Papua, where a separatist movement has simmered for decades, is a sensitive issue for Indonesia, which took over the former Dutch colony after a widely criticized U.N.-backed referendum in 1969.
Australian Defense Minister Marise Payne expressed regrets and promised a thorough investigation of the row, which highlighted the sometimes prickly relationship between the neighbors.
Indonesian President Joko Widodo said ties with Australia were "still in a fine condition" and that his defense minister and military chief had been asked to investigate.
"We have agreed, Indonesia, Australia, to respect each other, to value each other and not meddle in each other's domestic affairs," Widodo said.
Military cooperation between the two countries ranges from countertenors programs to border protection.
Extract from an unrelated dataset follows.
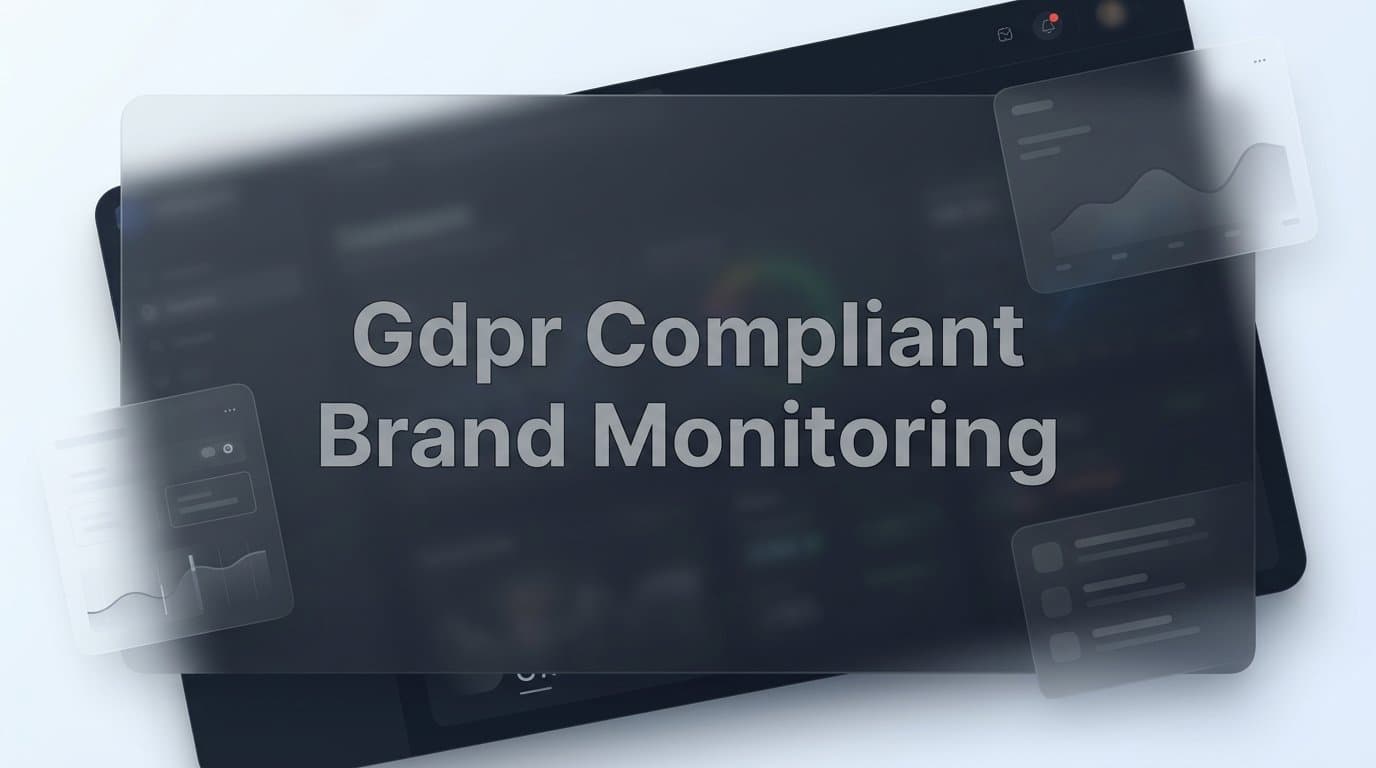 Featured image for: How to Set Up GDPR Compliant Brand Monitoring: A Step-by-Step Guide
But the neighbors have had a rocky military relationship in recent years. Australia stopped joint training exercises with Indonesian special forces (Kopassus) after accusations of abuses by the unit in East Timor in 1999, as the territory prepared for independence.
Ties resumed when counter-terrorism cooperation became imperative after the 2002 nightclub bombings on the resort island of Bali that killed 202 people, including 88 Australians.
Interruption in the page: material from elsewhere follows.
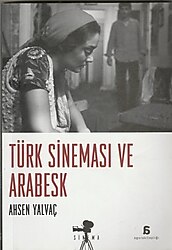 Türk Sineması ve Arabesk - Ahsen Yalvaç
Australia's defense minister said an investigation into the teaching materials, found at Campbell Barracks in the west Australian city of Perth, would be concluded "imminently".
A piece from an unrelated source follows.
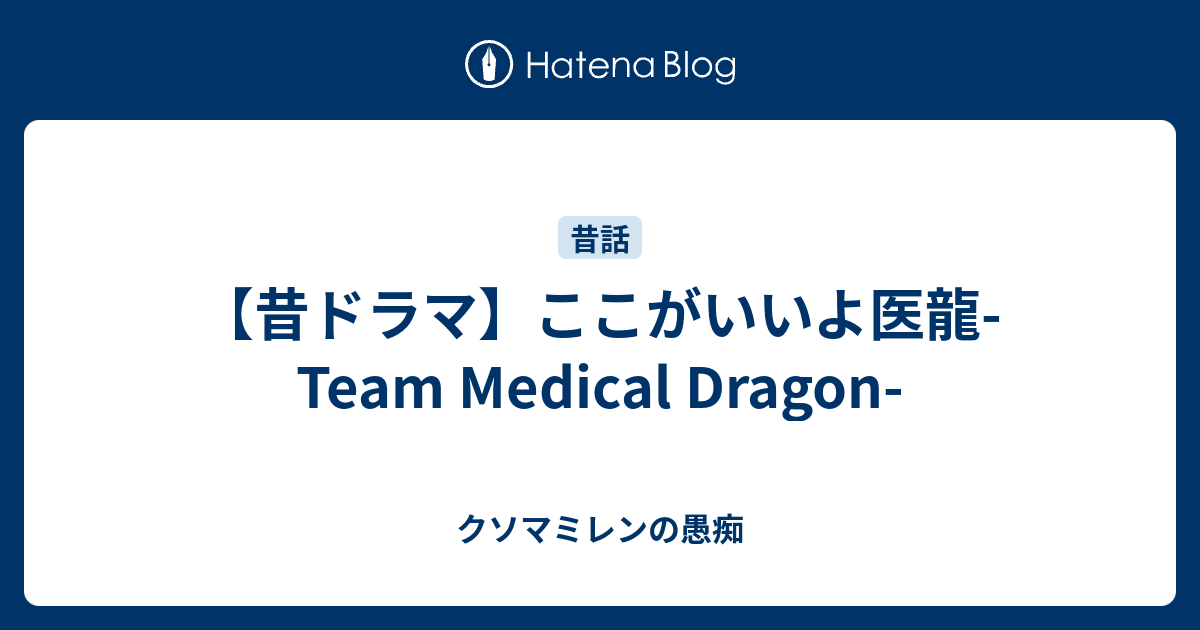 昔ドラマ ここがいいよ医龍 Team Medical Dragon クソマミレンの愚痴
"We have indicated our regret that this occurred and that offence was taken. I think that's appropriate when a significant counterpart raises their concerns with you," Payne told reporters in Sydney.
Australia would present the findings of the report to Indonesia's government and military, Payne said.
She denied allegations, reportedly made by Indonesia's Armed Forces Chief Gatot Nurmantyo in a lecture last year, that Australia had tried to recruit Indonesian soldiers as agents during training.
Gatot said on Thursday that "unethical" teaching material had been found by an Indonesian officer who had been sent to Australia to teach.
The material "discredited the Indonesian military (TNI), the nation of Indonesia and even the ideology of Indonesia," he said, referring to material concerning East Timor and "Papua needing to be independent", as well as mocking the country's founding principles, known as Pancasila.
"That curriculum had been used for a long time," he said, noting it had now been removed.
Training with Australia had been suspended and other areas of cooperation were being re-evaluated, Nurmantyo said, adding that the suspension did have presidential approval.
Presidential spokesman Johan Budi said Widodo had ordered the defense minister and military chief to brief him on the situation "so as not to give rise to misunderstandings that can heat things up".
On Wednesday, Budi said the military had not discussed the suspension with the president.
The Australian defense minister said all training documents would now be "culturally appropriate" and that Australia recognised "Indonesia's sovereignty and territorial integrity."
Indonesia most recently suspended military ties in 2013 over revelations that Australian spies had tapped the mobile telephone of then president Susilo Bambang Yudhoyono.
Indonesian and Australian officials said on Thursday that the bilateral relationship had not stalled, unlike in 2013.
Australia needs Indonesia's help to enforce its controversial immigration policy, which includes turning back boats carrying asylum seekers. Payne said Jakarta has given no indication of any change.